Brent crude futures rose $2.06, or 2.34%, to settle at $90.13 a barrel. U.S. West Texas Intermediate (WTI) crude futures rose $1.65, or 1.97%, to close at $85.39 a barrel.
Prices fell early in the session but reversed declines on heightened geopolitical risk, said Price Futures analyst Phil Flynn.
Israel stepped up bombings of south Gaza, officials said, and violence flared elsewhere in the Middle East. Prime Minister Benjamin Netanyahu said in a televised statement that Israel is preparing a ground invasion of Gaza.
U.S., crude inventories rose by 1.4 million barrels in the latest week to 421.1 million barrels, the Energy Information Administration (EIA) reported, exceeding the 240,000-barrel gain expected by analysts in a Reuters poll.
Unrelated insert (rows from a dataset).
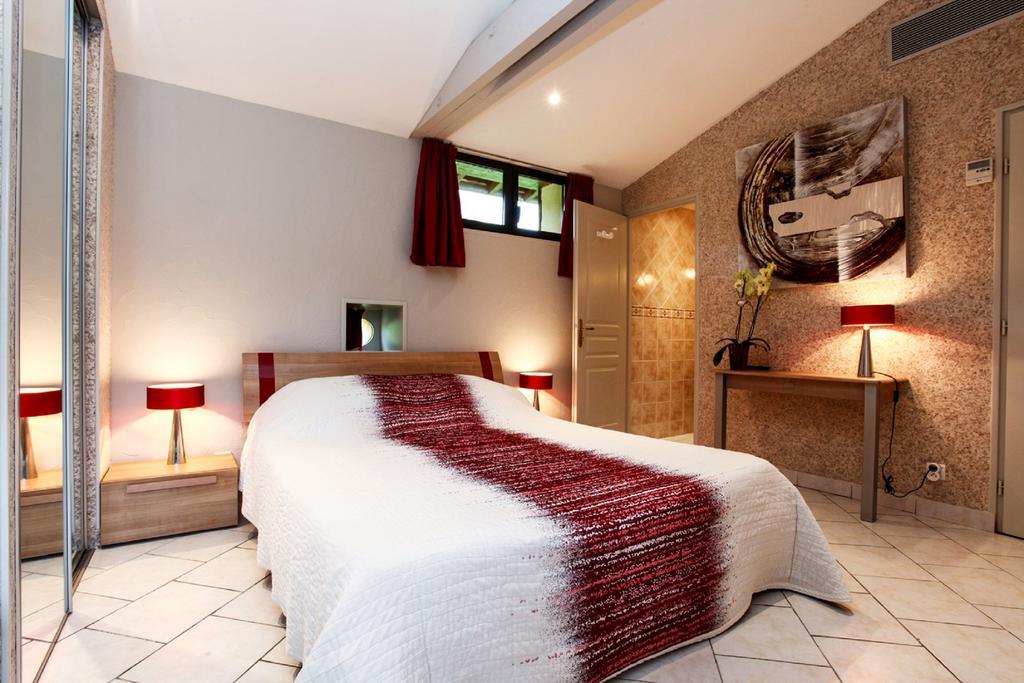 Chambres D'Hotes Les Peyrouses Sarlat-la-Caneda Bagian luar foto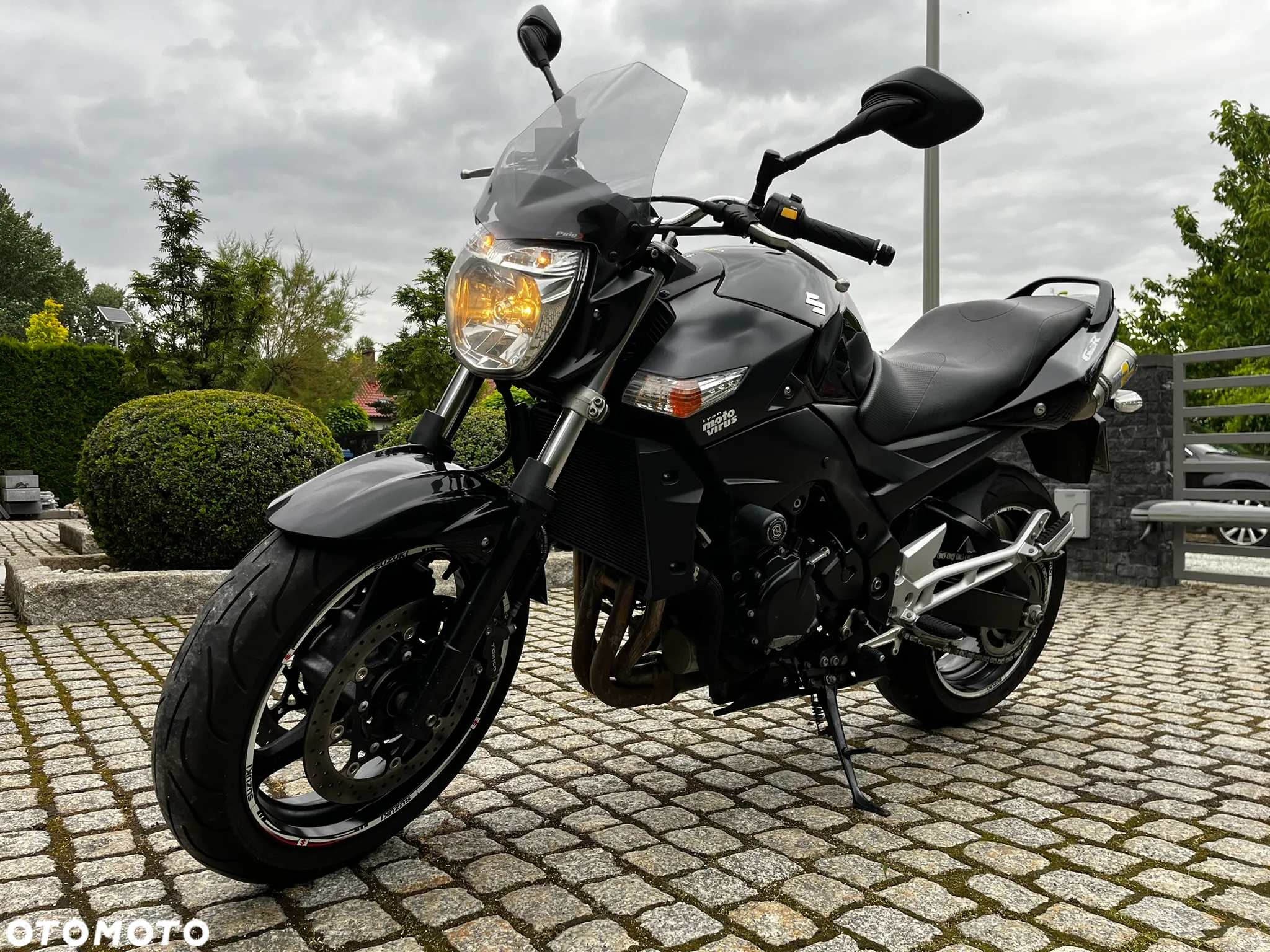 Suzuki GSR - 3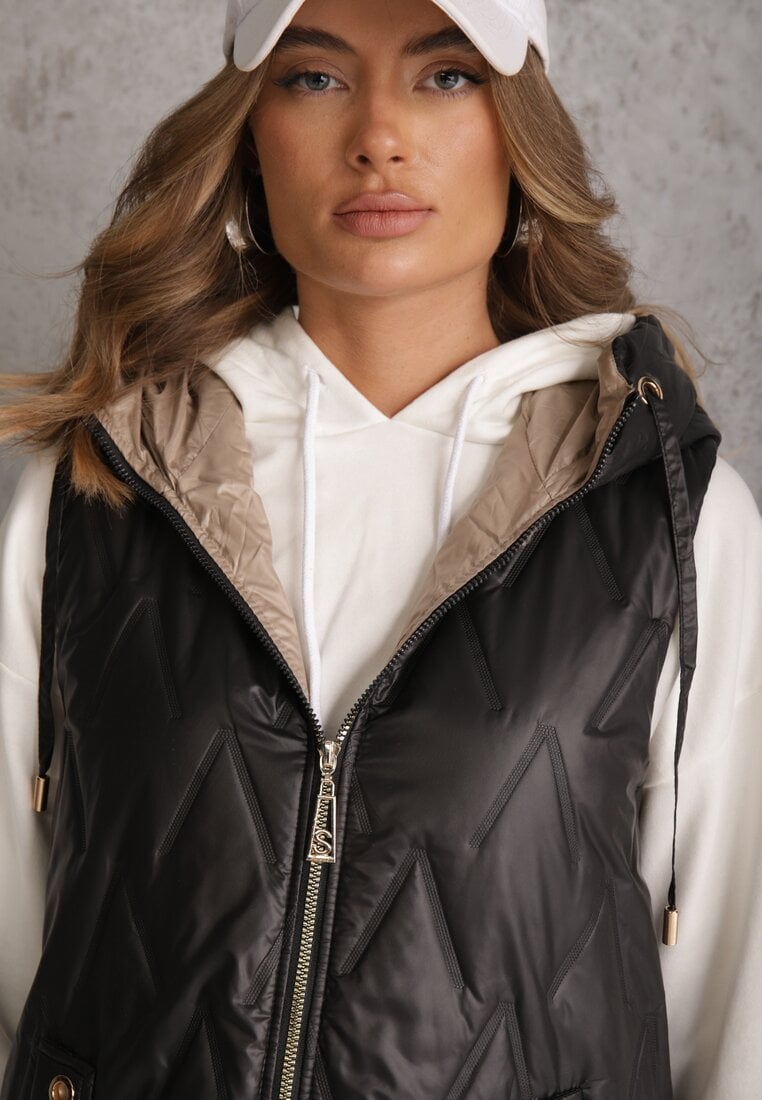 Czarna Długa Pikowana Kamizelka z Kapturem i Ozdobną Naszywką Mentape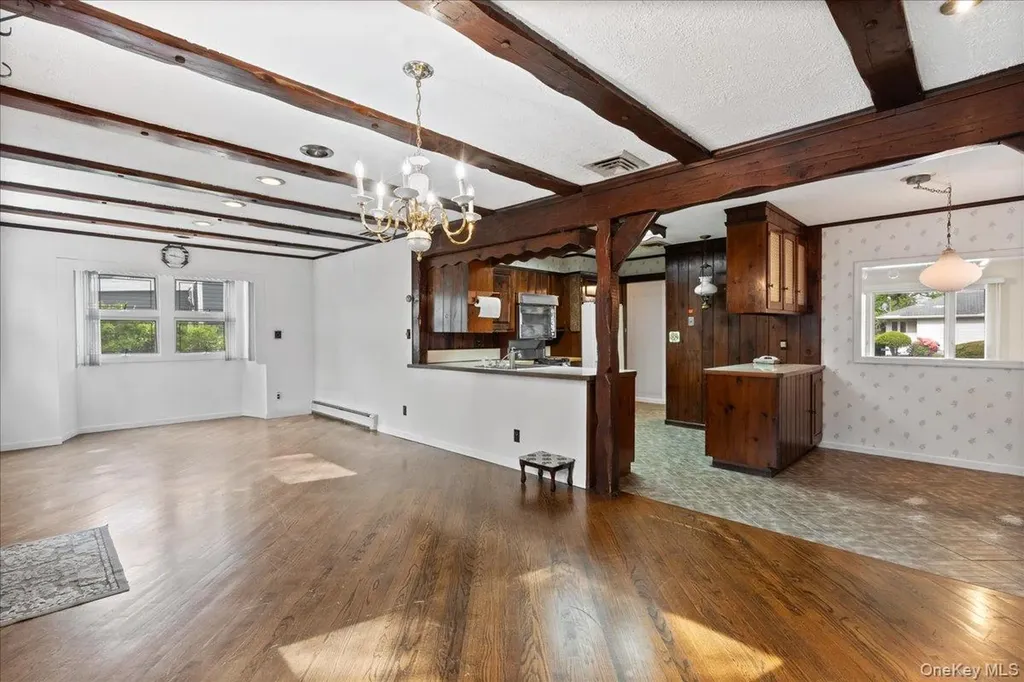 933 Dana Avenue Valley Stream NY 11580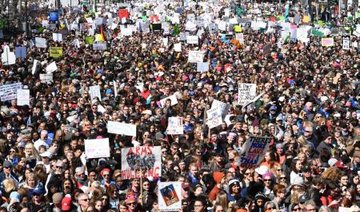 Hundreds of thousands march for gun control in the US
The EIA data “is more bearish because it’s a big switch from a big draw in the API data to a build in the EIA data,” said Bob Yawger, director of energy futures at Mizuho. Industry data from the American Petroleum Institute (API) on Tuesday had showed a larger-than-expected draw in crude stocks.
Adding to weak European economic data in recent weeks, European Central Bank data showed bank lending across the euro zone came to a near standstill last month, further evidence that the 20-nation bloc may be close to a recession.
Crude demand could get a boost in China, the world’s biggest oil importer, which approved a bill to issue 1 trillion yuan ($137 billion) in sovereign bonds and allow local governments to issue new debt from their 2024 quota to boost the economy. Yet Beijing also took steps that could limit crude demand, such as putting a ceiling for its oil refining capacity at 1 billion metric tons by 2025 to streamline its vast oil processing sector and curb carbon emissions.